Assignment 6

Author

Annalise Spaulding

Open the assign06.qmd file and complete the exercises.

This is a very open-ended assignment. There are three musts:

  1. You must use the tidycensus package to get either decennial or ACS data from the US Census Bureau.

  2. You must get data for two different variables and they can’t be population or median home values.

  3. You must show all the code you used to get the data and create the table or chart.

You can then either create a cool table or chart comparing the two variables. They can be from any region and for any geography…it doesn’t necessarily need to be Maine.

Note: you will receive deductions for not using tidyverse syntax in this assignment. That includes the use of filter, mutate, and the up-to-date pipe operator |>.

The Grading Rubric is available at the end of this document.

We’ll preload the following potentially useful packages

library(tidyverse)
library(tidycensus)
library(gapminder)
library(gt)
library(gtExtras)
library(scales)

This is your work area. Add as many code cells as you need.

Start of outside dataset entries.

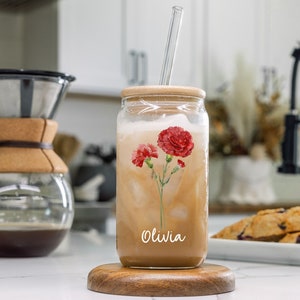 Personalized 16oz Tumbler Bridesmaid Gift Glass Cup Straw Bamboo Lid Birth Month Flower Cup Gift Custom Coffee Cup Personalized Gift for Her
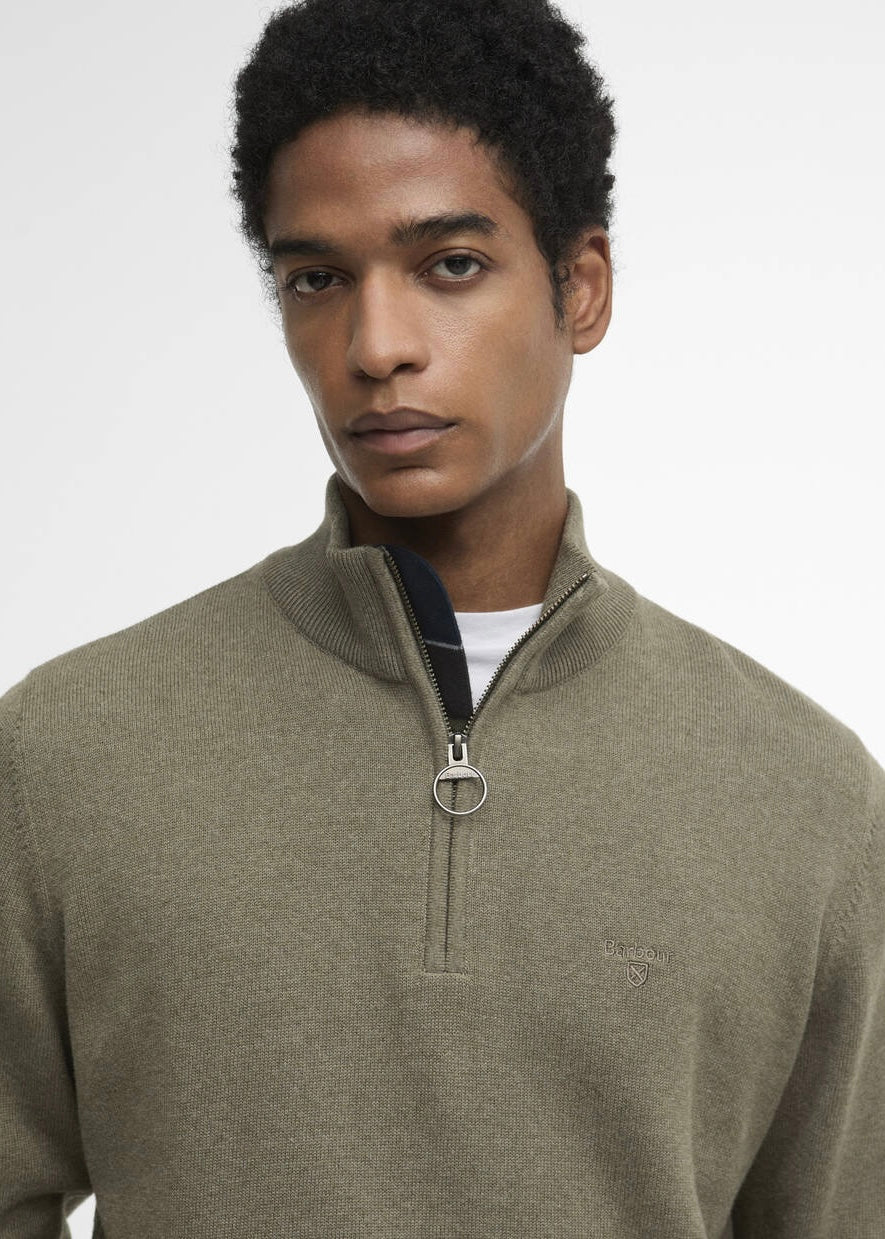 Cotton Half Zip Knitted Genser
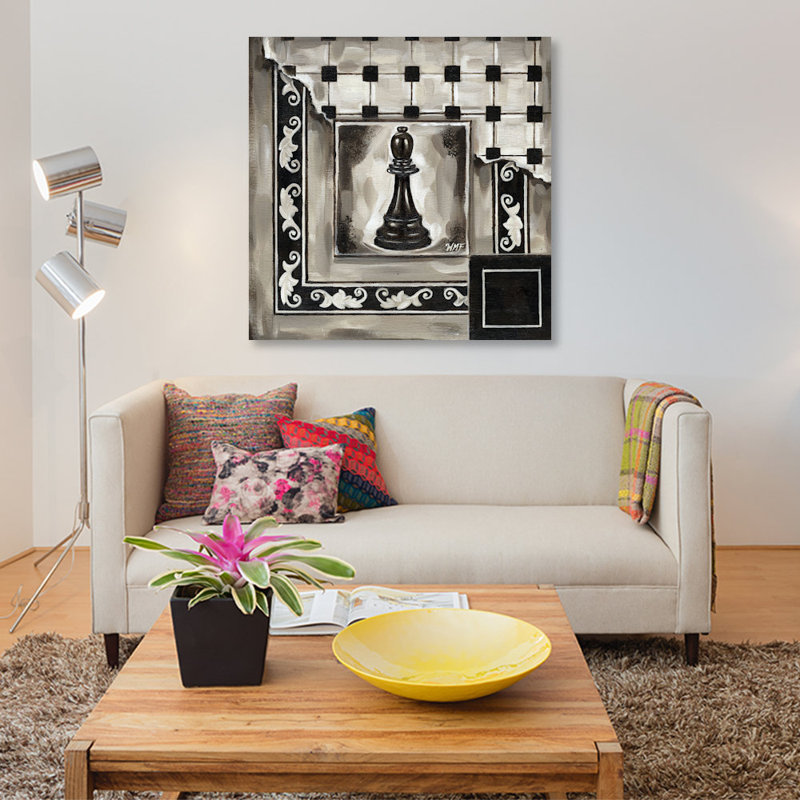 « chess ii », impression sur toile, H 12 po x l 12 po x P 0,75 po, Toile tendue, Pas de tapis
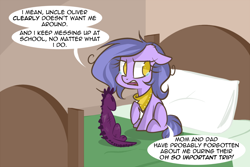 Size: 1280x854 | Tagged: safe, artist:lolepopenon, oc, oc:billie, earth pony, pony, ask billie the kid, ask, bed, pillow, plushie, solo, teary eyes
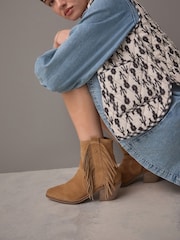 Tan Brown Suede Forever Comfort® Boho Fringe Cowboy Ankle Boots - Image 1 of 10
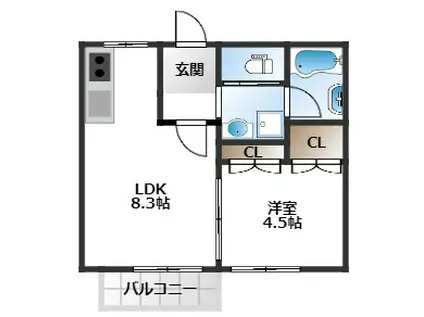 曽根グリーンハイツ(1LDK/1階)の間取り写真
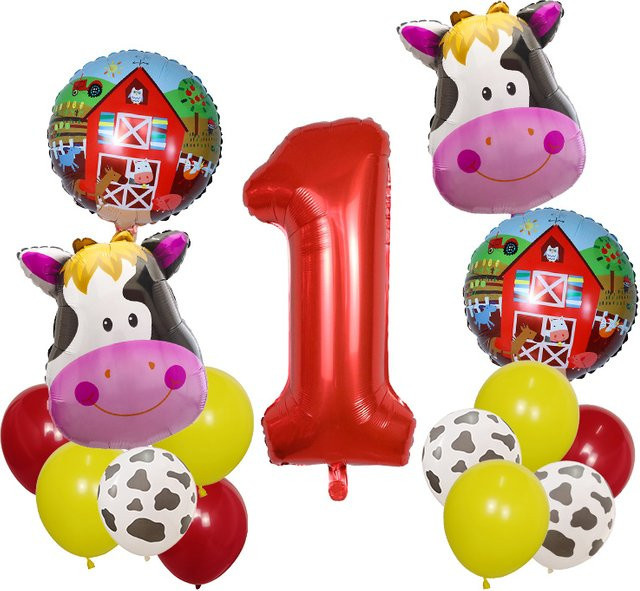 15 Stück LQVYI Kuh Folienballons für Bauernhof Thema Party Dekoration und Kindergeburtstag in Mehrfarbig - Bild 1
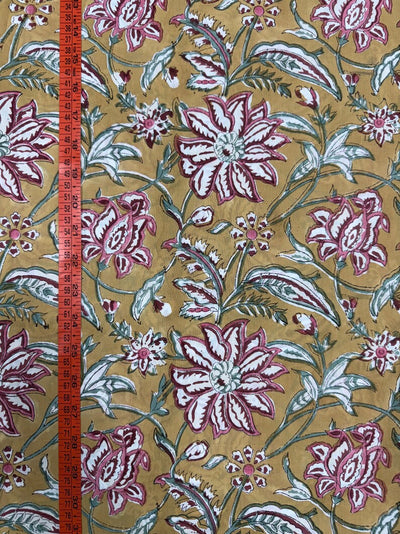 Fabricrush Biscotti Yellow Indian Floral Hand Block Printed 100% Cotton Cloth, Fabric by the Yard for Curtains Pillows Quilting Quilt Duvets Cover Bags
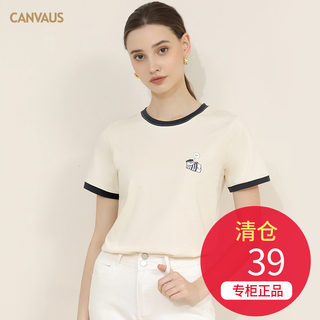 CANVAUS短袖T恤女夏季圆领印花宽松显瘦内搭外穿卡通小熊女上衣潮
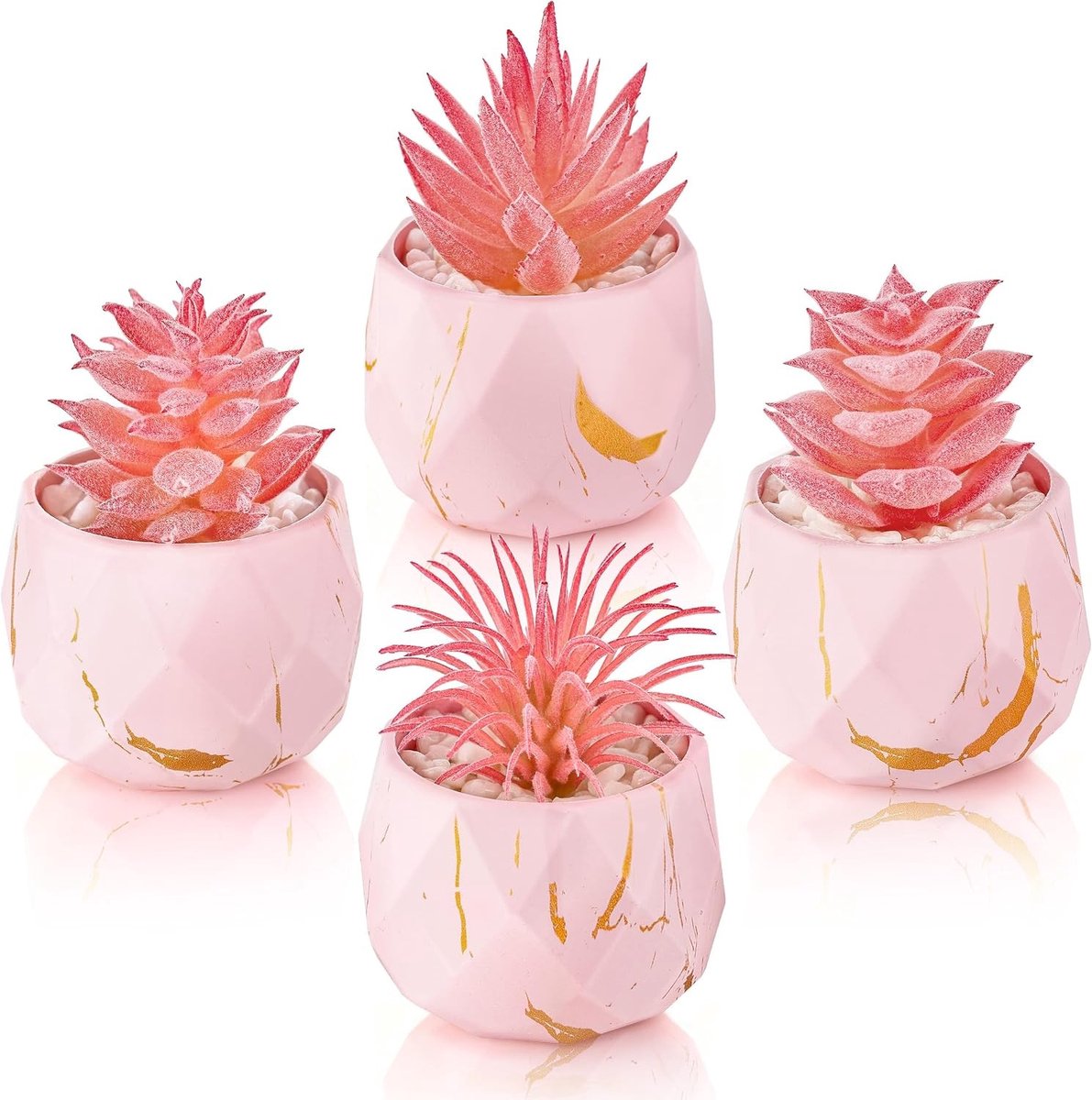 4 Pakken Roze Kunstplanten - Kleine Vetplanten voor Badkamer Decoratie, Kaptafel en Kantoor Accessoires, Perfect als Bruiloftsgeschenk voor Vrouwen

# High school graduation rate (percentage)
hs_grad <- get_acs(
  geography = "county",
  variables = "S1501_C02_014",
  state = "ME",
  year = 2022,
  survey = "acs5",
  output = "wide"
)
Getting data from the 2018-2022 5-year ACS
Warning: • You have not set a Census API key. Users without a key are limited to 500
queries per day and may experience performance limitations.
ℹ For best results, get a Census API key at
http://api.census.gov/data/key_signup.html and then supply the key to the
`census_api_key()` function to use it throughout your tidycensus session.
This warning is displayed once per session.
Using the ACS Subject Tables
# Per capita income (dollars)
income <- get_acs(
  geography = "county",
  variables = "B19301_001",
  state = "ME",
  year = 2022,
  survey = "acs5",
  output = "wide"
)
Getting data from the 2018-2022 5-year ACS
hs_clean <- hs_grad |> 
  select(NAME, hs_grad_pct = S1501_C02_014E)
income_clean <- income |> 
  select(NAME, per_cap_income = B19301_001E)
combined <- hs_clean |> 
  inner_join(income_clean, by = "NAME") |> 
  mutate(
    hs_grad_pct = round(hs_grad_pct, 1),
    per_cap_income = round(per_cap_income, 0)
  )
combined |> 
  gt() |> 
  tab_header(
    title = "Education and Income in Maine Counties (ACS 2022)",
    subtitle = "High School Graduation Rates and Per Capita Income"
  ) |> 
  fmt_percent(columns = hs_grad_pct, scale_values = FALSE) |> 
  fmt_currency(columns = per_cap_income) |> 
  cols_label(
    NAME = "County",
    hs_grad_pct = "High School Grad Rate",
    per_cap_income = "Per Capita Income"
  ) |> 
  gt_theme_nytimes()
Education and Income in Maine Counties (ACS 2022)
High School Graduation Rates and Per Capita Income
County High School Grad Rate Per Capita Income
Androscoggin County, Maine 92.00% $34,273.00
Aroostook County, Maine 90.60% $31,001.00
Cumberland County, Maine 96.30% $51,405.00
Franklin County, Maine 93.90% $33,161.00
Hancock County, Maine 95.00% $38,785.00
Kennebec County, Maine 94.60% $36,009.00
Knox County, Maine 93.70% $39,379.00
Lincoln County, Maine 94.80% $43,436.00
Oxford County, Maine 91.10% $30,884.00
Penobscot County, Maine 93.90% $34,423.00
Piscataquis County, Maine 92.00% $32,843.00
Sagadahoc County, Maine 94.30% $40,950.00
Somerset County, Maine 91.80% $31,348.00
Waldo County, Maine 93.20% $35,677.00
Washington County, Maine 90.90% $30,731.00
York County, Maine 94.70% $42,053.00

Submission

To submit your assignment:

  • Change the author name to your name in the YAML portion at the top of this document
  • Render your document to html and publish it to RPubs.
  • Submit the link to your Rpubs document in the Brightspace comments section for this assignment.
  • Click on the “Add a File” button and upload your .qmd file for this assignment to Brightspace.

Grading Rubric

Item
(percent overall)
100% - flawless 67% - minor issues 33% - moderate issues 0% - major issues or not attempted
Chart or table accuracy.
(45%)
No errors, good labels, everything is clearly visible in the rendered document.
At least two valid variables used from US census data (can be census or ACS)
(40%)
Messages and/or errors suppressed from rendered document and all code is shown.
(7%)
Submitted properly to Brightspace
(8%)
NA NA You must submit according to instructions to receive any credit for this portion.